Everyone has their own grievances and vision of the future.

There are very real battles on the streets of Kiev right now. Unfortunately, Yanukovich is far away, so the Berkut (Ukranian SWAT) and soldiers have to play the role of Yanukovich' ass. The scenery in Kiev is scary. Black smoke, burning barricades and constant explosions. Berkut's flashbangs and the protestors' fireworks explode in the streets. Each side is shooting at the other and there are already first casualties(2 to 5 based on different sources).

Let's go to the barricades?

I rented a room in the hotel "Dnepr", the very center on the European square. I come up to the main entrance, all doors are locked, lights are out. A group of men in helmets and protection, hanging nearby, greet me “Welcome to Kiev, Mister.” - they've confused me with a foreign tourist.

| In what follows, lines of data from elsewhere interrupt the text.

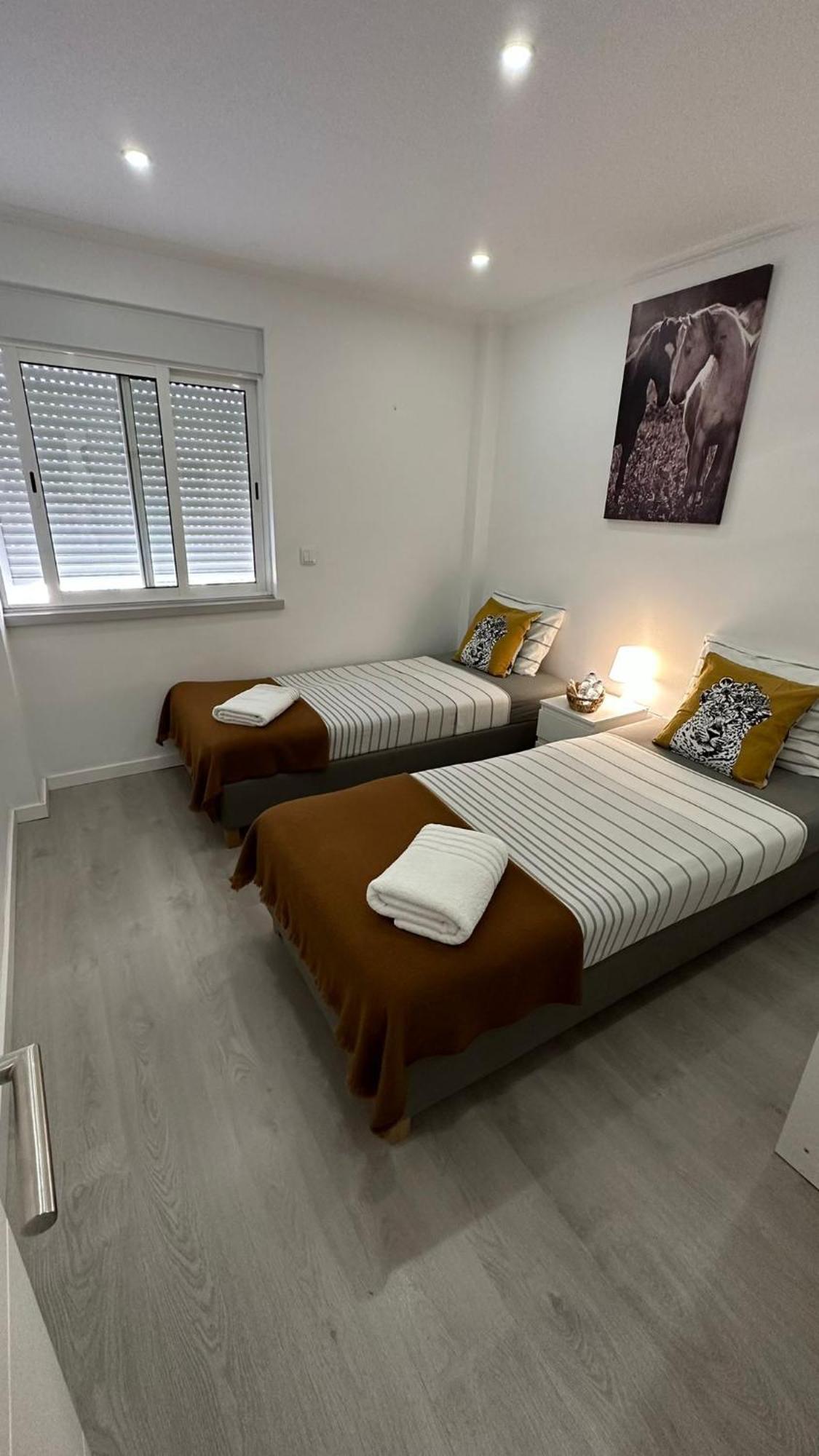 Airport Room Lisboa Екстериор снимка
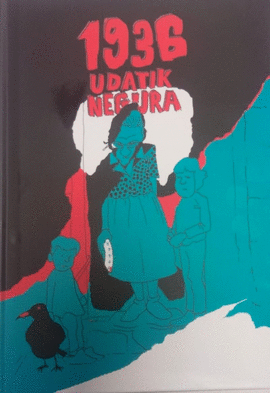 1936 UDATIK NEGURA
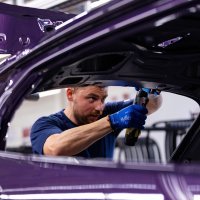 BMW započeo proizvodnju serije 1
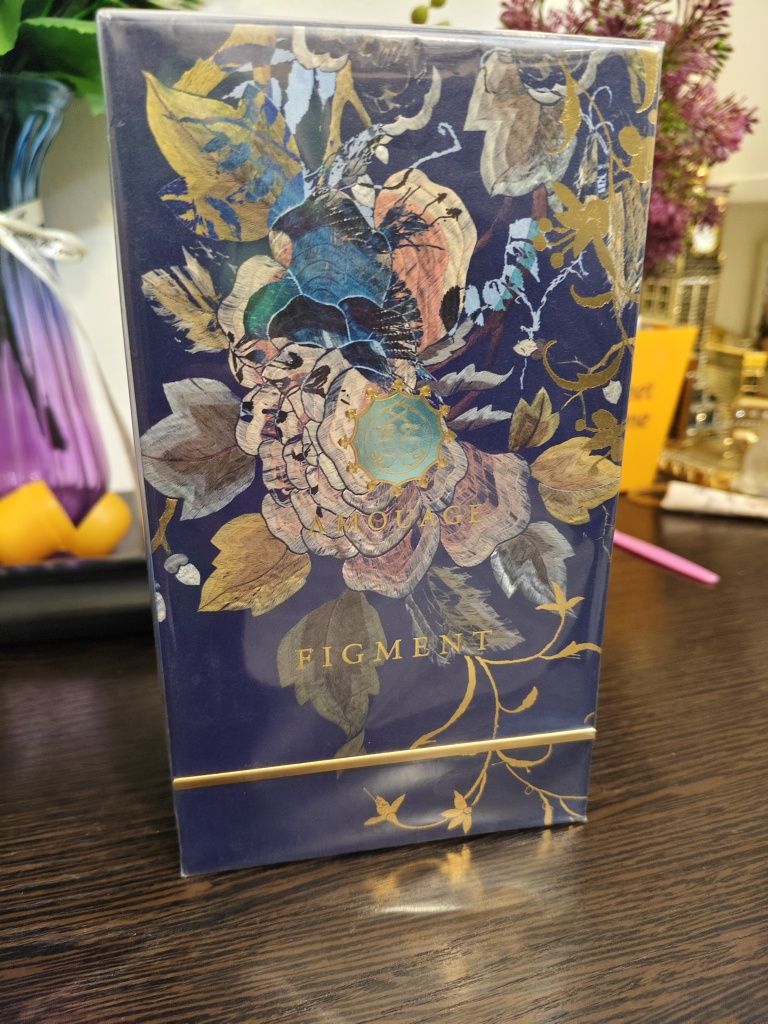 Парфюм для мужчин Amouage Figment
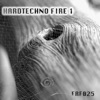 Hardtechno Fire, Vol. 1, 2015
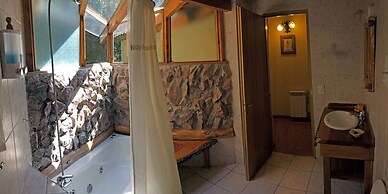 Cabanas Duendes del Maiten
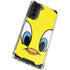 Looney Tunes Tweety Bird Galaxy S21 Plus 5G Clear Case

Everyone's laughing. It turns out that the entrance to the hotel is through a local bar. The security guy opens the door and leads me through dark hallways to the lobby. The lights are off, so as not to attract attention. After all, the hotel is almost at the front line.
 

Back when it was all starting, there was a stage here, from which politicians pontificated their smart ideas about the future of Ukraine. Now the politicians have move on to Maidan, and the European square has become the rear base of the revolution. Cars with food arrive here; old tires for the bonfires, wood, medicine and reinforcements.

Please click link below to see photos of the Battles on streets of Kiev. 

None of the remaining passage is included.